# An opinionated guide to ML
> "It is important to view knowledge as sort of a semantic tree — make sure you understand the fundamental principles, i.e. the trunk and big branches, before you get into the leaves or there is nothing for them to hang on to." - Elon Musk
### Simple > accurate
Many people overestimate the importance of learning what's correct and accurate, when it's often better to learn something slightly wrong but simple to understand. Imagine teaching a kid that gravity at the poles is stronger than at the equator due to mass distribution and rotation, before teaching them about the effect of mass on gravity. That's how most technical guides to machine learning (ML) often feel like: overly detailed info-dumps that are unhelpful in forming intuitions on how things work.

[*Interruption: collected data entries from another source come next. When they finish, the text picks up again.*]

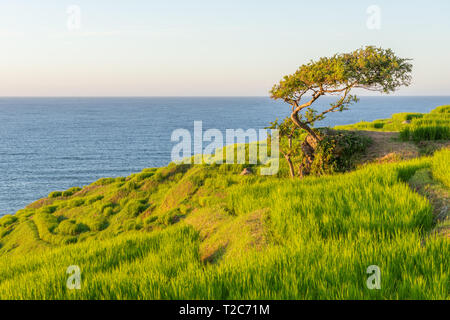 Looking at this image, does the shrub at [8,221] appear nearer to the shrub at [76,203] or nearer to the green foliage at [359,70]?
the shrub at [76,203]

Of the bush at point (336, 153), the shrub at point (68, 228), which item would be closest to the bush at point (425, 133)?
the bush at point (336, 153)

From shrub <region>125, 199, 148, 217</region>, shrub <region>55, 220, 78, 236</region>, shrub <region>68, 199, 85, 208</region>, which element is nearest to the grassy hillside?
shrub <region>125, 199, 148, 217</region>

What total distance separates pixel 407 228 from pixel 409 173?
182 inches

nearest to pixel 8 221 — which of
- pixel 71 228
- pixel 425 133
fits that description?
pixel 71 228

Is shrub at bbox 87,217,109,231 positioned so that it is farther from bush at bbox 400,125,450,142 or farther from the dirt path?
bush at bbox 400,125,450,142

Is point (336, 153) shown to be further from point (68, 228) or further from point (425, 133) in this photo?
point (68, 228)

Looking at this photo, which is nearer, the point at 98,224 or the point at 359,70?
the point at 359,70

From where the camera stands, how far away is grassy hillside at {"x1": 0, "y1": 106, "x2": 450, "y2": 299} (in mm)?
4035

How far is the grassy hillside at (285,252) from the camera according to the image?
4.04 m

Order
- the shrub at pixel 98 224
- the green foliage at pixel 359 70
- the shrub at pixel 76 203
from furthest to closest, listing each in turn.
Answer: the shrub at pixel 76 203 → the shrub at pixel 98 224 → the green foliage at pixel 359 70

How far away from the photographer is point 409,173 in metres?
9.66

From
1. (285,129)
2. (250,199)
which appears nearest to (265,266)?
(250,199)

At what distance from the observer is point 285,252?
5.19 meters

This guide does the exact opposite. Wherever possible, I have deliberately chosen to oversimplify so as to help you reach an intuitive understanding.
### The relevant parts are not deep, because they are quite new
> Researchers hate this one weird trick!
If you pick up any old ML textbook you'll probably find stuff on LSTMs, RNNs, and whatnot. Next time, flip the book over and check if it's published before 2017. If it was, you can throw it away. That's because...
... the Transformer machine learning architecture has won, and it was only discovered in [2017](https://arxiv.org/abs/1706.03762).
ChatGPT? Transformer. Stable Diffusion? Transformer. LLaMA? Transformer.
And what about "emergent properties", like chain-of-thought and few-shot learning?
Wasn't even a thing until [2020](https://arxiv.org/abs/2005.14165).
With the power of hindsight we can ignore all the hard work that has gone into other branches of ML research and only focus on a handful of high-impact concepts.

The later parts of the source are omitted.